# Hanningfield Reservoir tower outlet - Hanningfield, Essex – September 2015



## mockney reject (Nov 2, 2015)

_The History
_
Hanningfield Reservoir is an artificial body of water in Essex, south of Chelmsford, and is owned by Essex and Suffolk Water.
The reservoir is the 11th largest reservoir in England with an area of 3.5 square kilometres (880 acres). 

The reservoir was formed in 1957 by W. & C. French at a cost of about £6m, by flooding an area of South Hanningfield covering the ancient hamlet of Peasdown. Giffords Farm and Fremnells Manor were also flooded. Contrary to popular belief, no buildings survive under the water, however an earth removal machine was left 'in situ' and concreted over prior to filling. The reservoir was built in an area formerly known as Sandon Valley, and large parts of the reservoir and surrounding countryside have been developed as a nature reserve. 

This part of the estate is leased by Essex Wildlife Trust and is home to vast numbers of wildlife. There are many footpaths in the woodland around the water where wildlife can be seen, and hides have been erected, with views of the visiting and resident birds. The public can use the reservoir for seasonal fly fishing both from the bank and from boats, providing a fishing permit is bought in advance. The water is regularly stocked with rainbow trout; the heaviest fish ever caught, in 1998, weighed 24 lb 1oz (10.9 kg). 

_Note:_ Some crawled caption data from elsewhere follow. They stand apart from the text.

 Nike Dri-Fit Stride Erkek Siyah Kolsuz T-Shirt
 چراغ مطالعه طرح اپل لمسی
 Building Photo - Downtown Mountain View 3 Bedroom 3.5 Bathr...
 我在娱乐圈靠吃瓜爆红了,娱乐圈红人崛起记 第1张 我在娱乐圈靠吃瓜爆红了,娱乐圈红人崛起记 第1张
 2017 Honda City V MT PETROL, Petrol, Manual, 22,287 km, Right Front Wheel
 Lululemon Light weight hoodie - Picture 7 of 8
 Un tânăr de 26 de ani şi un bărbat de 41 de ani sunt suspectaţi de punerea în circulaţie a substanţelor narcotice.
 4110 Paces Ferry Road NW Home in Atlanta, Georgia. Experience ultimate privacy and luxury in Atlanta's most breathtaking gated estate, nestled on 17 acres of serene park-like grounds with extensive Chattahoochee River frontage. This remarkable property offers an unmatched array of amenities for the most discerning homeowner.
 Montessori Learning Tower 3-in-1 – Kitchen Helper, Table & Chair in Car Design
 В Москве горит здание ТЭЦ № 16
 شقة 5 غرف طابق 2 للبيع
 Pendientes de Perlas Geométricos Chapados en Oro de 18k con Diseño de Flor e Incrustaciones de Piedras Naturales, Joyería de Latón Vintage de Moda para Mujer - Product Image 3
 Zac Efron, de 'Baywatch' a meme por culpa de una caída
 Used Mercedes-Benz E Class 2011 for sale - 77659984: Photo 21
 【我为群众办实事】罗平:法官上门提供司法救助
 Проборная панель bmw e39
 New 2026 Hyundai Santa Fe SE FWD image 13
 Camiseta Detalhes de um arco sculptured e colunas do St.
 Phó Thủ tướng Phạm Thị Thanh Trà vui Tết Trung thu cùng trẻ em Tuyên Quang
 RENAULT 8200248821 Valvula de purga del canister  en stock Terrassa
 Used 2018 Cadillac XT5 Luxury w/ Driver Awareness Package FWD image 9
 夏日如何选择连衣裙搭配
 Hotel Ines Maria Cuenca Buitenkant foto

Outlet towers are often found in reservoirs, usually near to the dam. The towers sit above an outlet pipe or tunnel used to transport water out of the reservoir. They are built to house controls for opening and closing the valves or gates that control the flow of water through the outlet. The controls are normally located inside in a room at the top of the tower.
In a reservoir used for water supply, a tower will often have a vertical pipe inside with a number of horizontal pipes leading into it from the reservoir. The horizontal pipes are used to draw-off water from different levels in the reservoir. The water is let into them by opening valves at their entrances. The vertical pipe then connects to a horizontal pipe that takes the water away from the tower through a tunnel to the water treatment works.


_The Explore_

After being out for the day @slayaaaa & @oakey visiting another site, we dropped @slayaaaa back home and headed out to pick up @duckface. Originally intending to have a nose elsewhere we decided to go for a wander around Hanningfield reservoir just for something to do. @oakey started telling us about the funny building at the end of the pier so we decided to investigate it. On reaching the building we found it was easily accessible and went in for a nose, it was very interesting and we immediately made a call to @slayaaaa and flew back to pick him and his mate up so we could further investigate and get some snaps as I knew @slayaaaa would love it.
We got back to the site and went in again and started snapping, it looks as though it has been unused for years and the ladders and valves are very rusty and there is only about a foot of water in the bottom. The main tunnel goes down 5 floors with valve gear on each floor controlling the level the water is drained from. 
When myself and @slayaaaa got to the bottom I noticed a smaller tunnel going off in the direction of the new pumping station. Three of us decided to crouch down and walk along it. After a fair distance we assumed it most go completely under the lack and gave up on it and turned around.
It was a very interesting and pristine place unloved for years and full of cobwebs, well worth visiting if you are that way. After being in there a while out of curiosity we tried the light switch and bingo the main room lit up.
Enjoy the pics


----------



## flyboys90 (Nov 2, 2015)

Awesome site! Sounds like it was quite an adventure.Brilliant report and photos.


----------



## UrbanX (Nov 3, 2015)

Very unusual, glad to see you getting out and about! 
Thanks for sharing a great adventure


----------